With Labour and the SNP locked in the tightest of races, the eyes of the nation fell on the Highland capital as Holyrood’s final seven MSPs were named on May 4, 2007.
Late in the afternoon, rumours began to circulate that Alex Salmond’s bid to become first minister was all over, and that Labour had done enough to remain in power.
Returning officer Arthur McCourt had taken the candidates aside to tell them that four Labour MSPs had been elected on the list, alongside two Tories and one Green.
Five minutes of celebration – half an hour of confusion
Christine Conniff, Labour’s fourth list candidate, punched the air in celebration.

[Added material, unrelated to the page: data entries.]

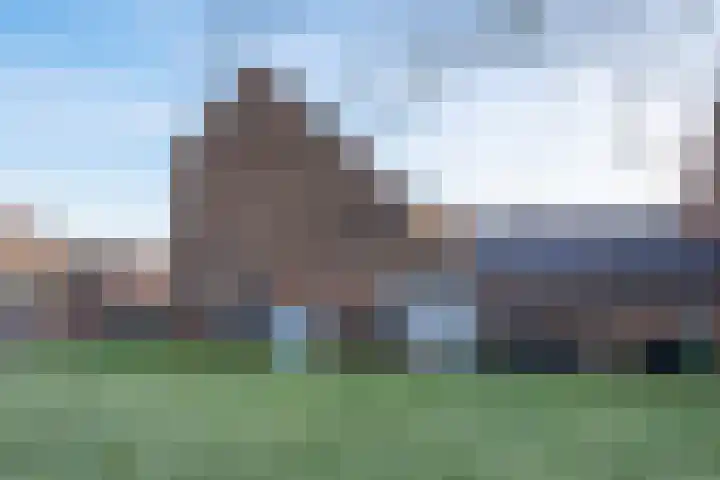 Paardebloem 131 Zwaag thumbnail 8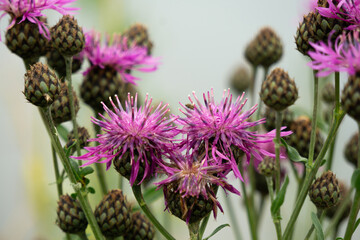 Cirsium arvense flowers on meadow, close up view. Shallow depth of field.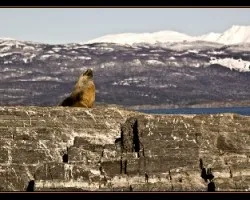 Im the king of the world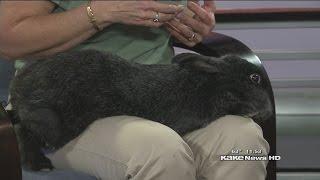 Easter at Sedgwick Co. Zoo
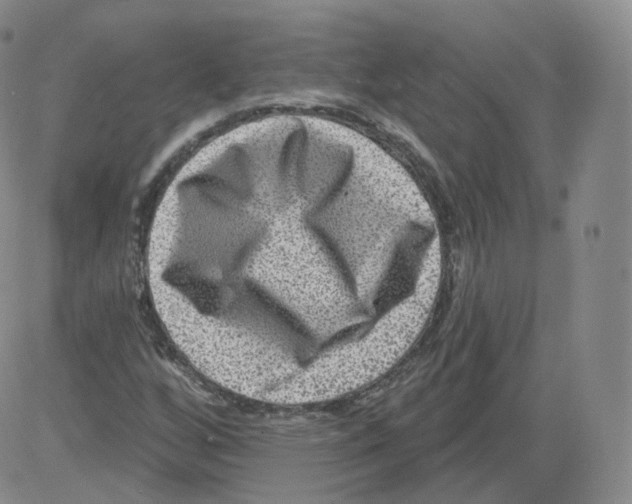 X0000082761256200702240056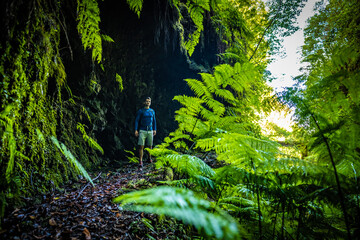 Atlhletic backpacker man walking on a fern covered gorge with old bridge somewhere in Madeiran rainforest in the morning. Levada of Caldeirão Verde, Madeira Island, Portugal, Europe. © Michael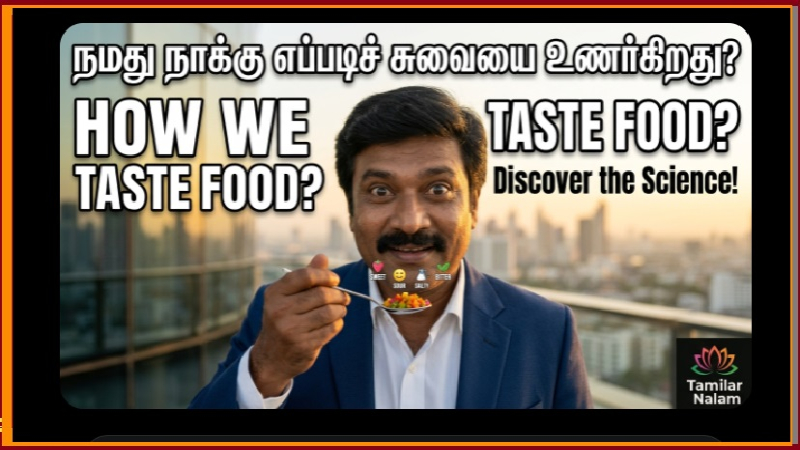 ​நமது நாக்கு எப்படிச் சுவையை உணர்கிறது? இதோ வியக்க வைக்கும் அறிவியல் ரகசியம்! சுவைகளின் சங்கமம்!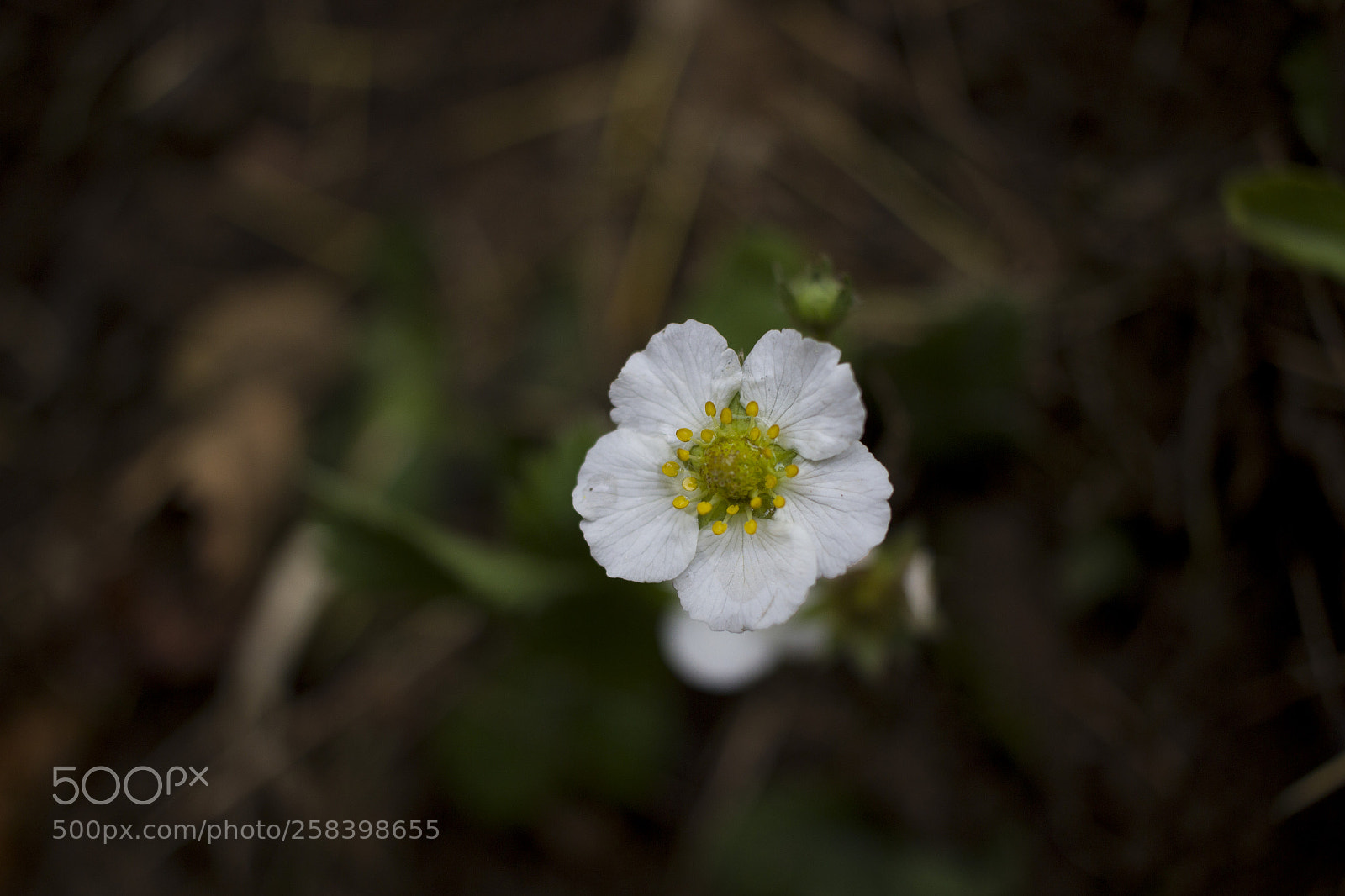 Canon EOS 600D (Rebel EOS T3i / EOS Kiss X5) sample photo. White flower photography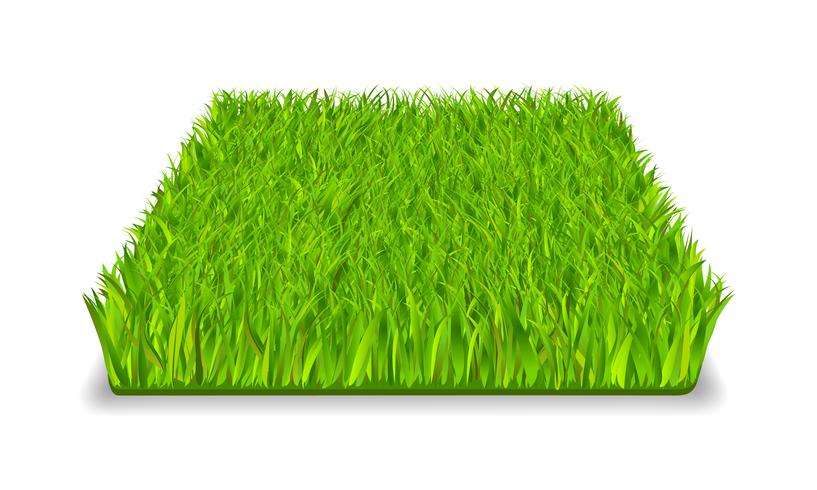 groen gras vector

But there were mixed emotions for Green MSP Eleanor Scott, who was heading back to Holyrood at the expense of her partner, Rob Gibson of the SNP, who had missed out.
That was all about to change, however.
The SNP’s David Thompson had been watching the figures emerging since Thursday night and knew immediately that something was wrong.

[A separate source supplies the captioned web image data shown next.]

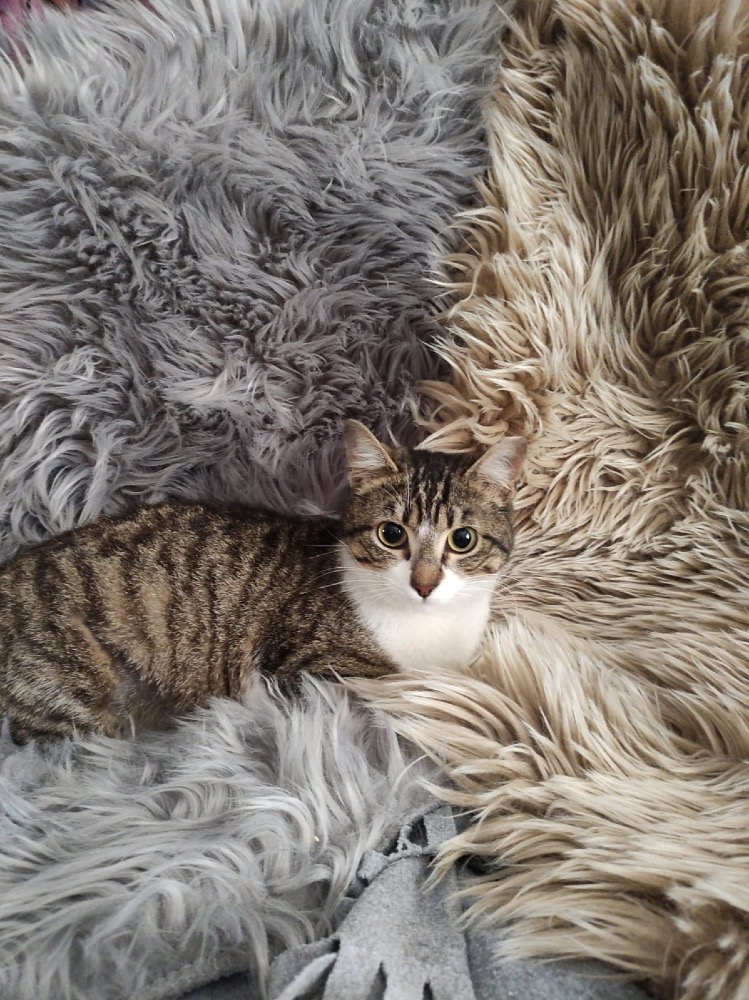 Chloe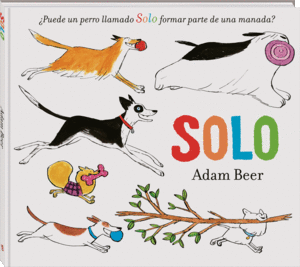 SOLO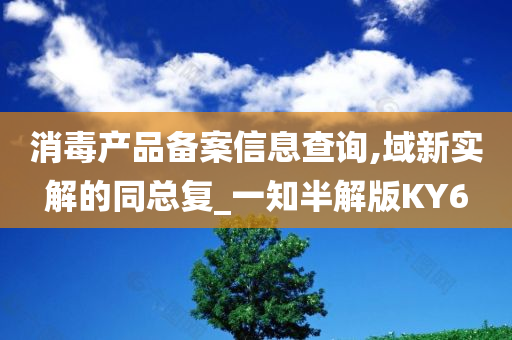 消毒产品备案信息查询,域新实解的同总复_一知半解版KY6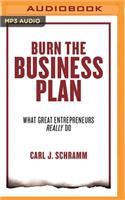 Burn the Business Plan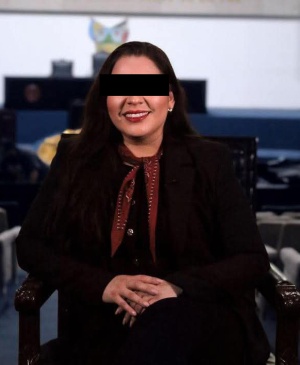 Van por Alhely Medina y otros seis; la diputada obtuvo licencia a su cargo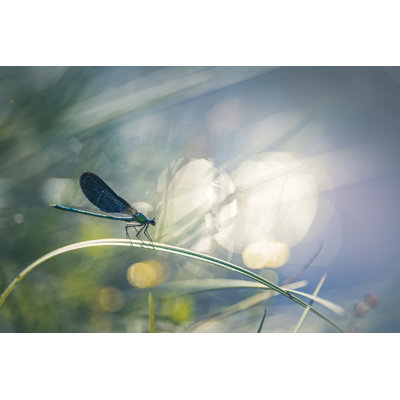 Damselfly Near The River by Marc Andreu - Wrapped Canvas Print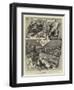 Deer Stalking and Driving in Scotland-null-Framed Giclee Print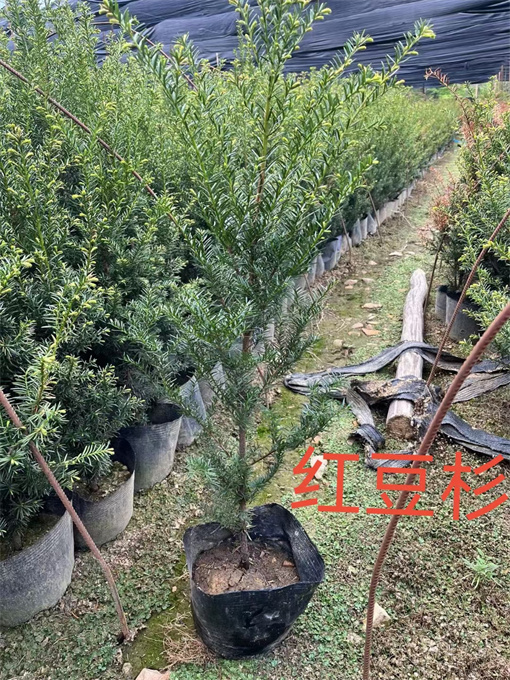 辽宁吉林红豆杉苗供应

He challenged the result, causing confusion for everyone watching on.
Among those in the hall was Fergus Ewing, who had a face like thunder as word of the apparent blunder rippled through the leisure centre.
Mr McCourt disappeared and more than half an hour passed as the numbers were recalculated.

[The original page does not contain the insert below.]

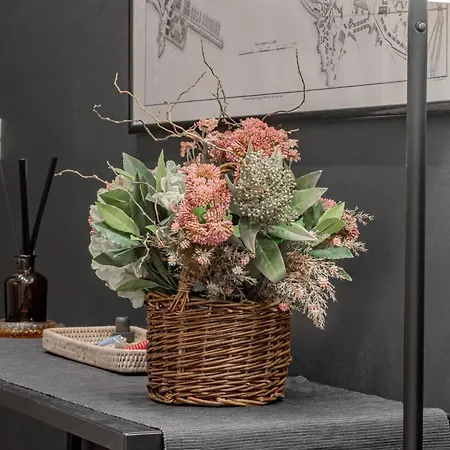 H11 Charm Sanremo-ariston *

When he returned, at about 5.30pm on the Friday, the correct results were announced – three Labour MSPs, two SNP and two Conservative.
It meant that the SNP had won a Holyrood election for the first time, that Labour’s stranglehold on Scottish politics had been broken, and Mr Salmond was to become first minister.
For Ms Scott, meanwhile, it was confirmed that she had not been re-elected after all, but her partner, Mr Gibson, had been.
Kit Fraser, of the Publican Party, observed the events close at hand.
He said at the time: “If it hadn’t been queried Labour would now be the majority party.
“It was astounding. We were gutted for the candidate who was a MSP for five minutes.”
Ms Conniff quickly recovered from her brief moment of excitement.
She said: “It was a long day and had dragged on. Everyone was tired. If I had been less tired I would have known right away it was wrong.
“I had a lot of support from the other parties. They felt worse than I did about it.
“There I was holding the balance of power in Scotland for a few minutes.”
In 2007, Mr McCourt said: “One of the columns in the spreadsheet didn’t carry out one of the sums. The data was in, but one column wasn’t added in.
“As soon as the discrepancy was pointed out by candidates, we went back and re-ran the programme and also did a manual check.”
He added: “There were people who had been working since seven on Thursday morning until 5pm the next day.
“Regardless of how well defined the processes, it is inevitable that human error crept in.”